OPEC members and other majour oil producers will presumably not meet to discuss an output freeze before OPEC's scheduled meeting in June, so the Russian energy minister Alexander Nowak on Tuesday. OPEC seems to focus once again on its original plan to eliminate oil producers that need a higher price from the global market. The current market development lets us believe that this policy is slowly taking effect, if much later than expected. U.S. oil production has been declining for weeks. The IEA expects therefore that U.S. crude output will hit its year low of 8.11 mbd in September which is about 850.000 bd short of the current production level. Still, OPEC members are divided about the future policy and some of them pursue their plans to increase output. Morgan Stanley analysts expect that OPEC production could thus increase by about 1.0 mbd before June which would significantly moderate the bullish effect of the decline in U.S. production. To achieve this goal it is crucial that production outages and the drop in exports from Nigeria, Iraq and Libya are eliminated and that Iran succeeds in increasing its output further. Unplanned losses in these countries have partially caused the latest price rally that started in February. If prices rise too fast experts believe that oil supply will not be reduced as fast as expected, e.g. as soon as U.S. output becomes profitable again. The most recent comments of the most important U.S. shale oil producers, such as Pioneer Natural Resources and Continental Resources let us believe that the price the U.S. oil industry needs to produce profitably is about 50 USD for a barrel and thus 5 to 10 USD higher than previously thought. Speculators thus feel that oil prices still have some more upside. The more so as the 50 USD mark does not mean that U.S. oil production will rise once this level is reached. It is necessary that this price is kept for a while until the additionnal barrels will hit the market. But analysts as Avtar Sandu with Phillip Futures warn that the global oil market is still oversupplied and that a sharp price decline could well be within reach. Oil prices however are extending their gains in electronic morning trading, the WTI still holding above 44 USD for a barrel on bullish comments of U.S. shale oil producers and the surprise draw in U.S. crude stocks according to the API's data.
U.S.
Nymex above average: Oil futures traded within a very tight range in Asian trading and Globex electronic trading this morning after having climbed to fresh 2016 highs. The traded volume at NYMEX is above average this morning. Market participants are waiting for the European financial and forex markets to open as well as for the economic indicators due today (see economic calendar). Moreover, they are eying the release of the DOE's report on US oil inventories at 4.30 p.m. and the results of the FOMC's meeting, which will be announced this evening after our office hours (at 8 p.m.).

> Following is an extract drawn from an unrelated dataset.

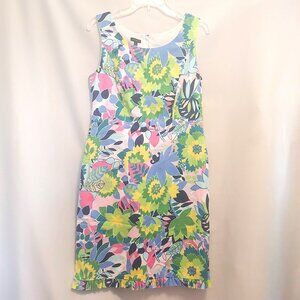TALBOTS Sleeveless Sheath Blue/Green/Pink Floral Dress  Size 8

Data on US oil inventories as per API: According to the API, US crude oil inventories decreased in the week ending April 22. Product stockpiles are to have declined, too. The data available so far for the past week in detail:
in million barrels crude oil distillates gasoline refinery utilization Cushing
Survey: 26.04. +1,7 -0,1 -1,2 +0,6%
API: 26.04. -1,1 -1,0 -0,4 +1,9
US refinery run rates are expected to have increased which is why commercial crude oil demand is seen higher. Nonetheless, analysts had expected moderate builds in nationwide US crude oil inventories. The draw in oil inventories reported by the API Tuesday night thus took market players by surprise, the more so as there was a sharp rise in Cushing crude oil stockpiles. These builds excluded, overall crude oil inventories even dropped by -3.0 million barrels. This is a clearly bullish factor. The draw in gasoline stockpiles reported by the API is less significant than expected but distillate inventories declined more sharply than anticipated. However, the data on oil products slip into the background against the backdrop of the changes in US crude oil inventories. The API's report was thus interpreted as clearly bullish.Market participants are now waiting for the DOE's official data on US petroleum stockpiles, due at 4.30 p.m.. This data contains figures on imports, product demand and US oil production. US oil output has lately hovered below the psychological mark of 9 mbpd. It is expected to continue declining.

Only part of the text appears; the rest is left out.